Until her contact with, then enslavement by, Western capitalist colonialism, Vietnam was a bureaucratic-monarchic country with a clear-cut social stratification. At the top stood the KING & MANDARINATE, with the COMMON PEOPLE below. Confucianism was the state and social ideology.
That Confucian bureaucratic-monarchic regime of absolute centralism, which lasted from the beginning of the XVth century to the middle of the XlXth century, was not an authentic product, an endogenous element of the water-rice civilization and village culture of Southeast Asia as a whole. It was an exogenous element originating from North China and introduced in the region of water-rice civilization at the period of Chinese domination, and, as an irony of history, received a particular boost from the time Dai Viet shook off the Ming yoke in the beginning of the XV century (1407-1427).

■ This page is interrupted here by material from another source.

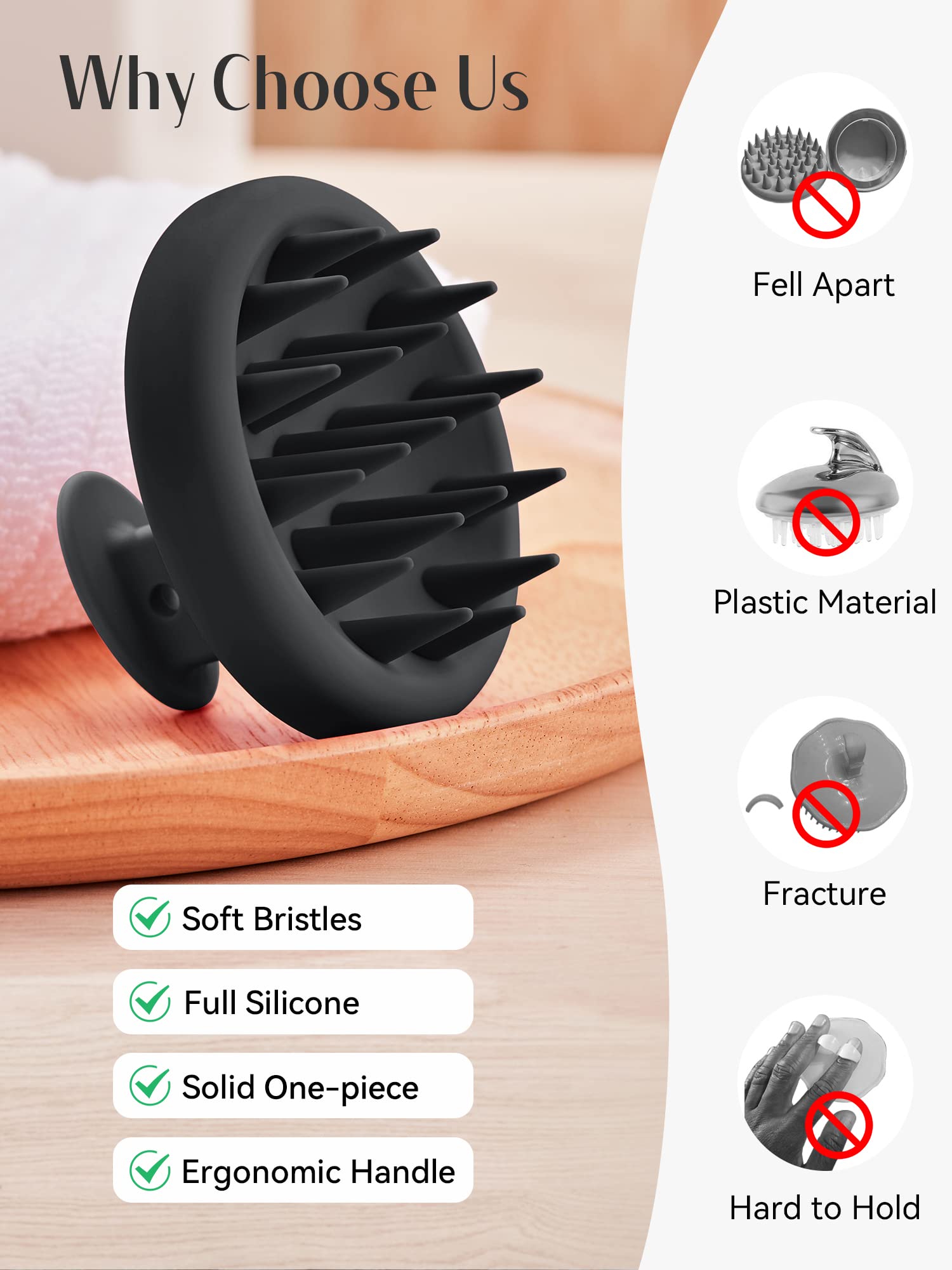 HEETA eliminador de caspa para cabello limpio y cuero cabelludo suave.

The genuine social product of the cultivation of wet rice was rather the small agricultural villages and hamlets composed of nuclear families, the “husband ploughing, wife transplanting and a buffalo drawing the harrow” type, with the MOTHER and WIFE playing important parts. Its pre-state and proto-state form was made up of a system of local leaders in different regions (“muòng”), who could be referred to as “Lạc lords”, as opposed to “Lạc people”. There was a distinction between ‘lang’ (sir) and “thâng” (fellow), between “nâng” (lady) and “ả” (wench), between aristocrats still maintaining “blood ties” as a ruling instrument and plebeians having lost lineage relations and fragmenting into individual families. In that mandala - as O.W. Wolters put it - of the regime of local leaders, there gradually emerged to the front the role of the “muòng luang” (great “muòng”) leader, who became an overlord, a kind of “pò khun”, later referred to in history as King Hung, with unsophisticated politics, ingenuous? customs and no script.
However, after the fall of the Cô Loa citadel (“Kẻ Chủ”) on the bank of the Nam Luong (Duong river), the Viet country and people were harnessed to the expansionist chariot of Chinese dynasties, from Han to T'ang. Vietnam's fate was linked to Chinese civilization - in the form of a by-product, i.e. as a Chinese “district” and “dominion” - throughout more than a thousand years, and still remained so in a geo-political sense in the subsequent thousand years.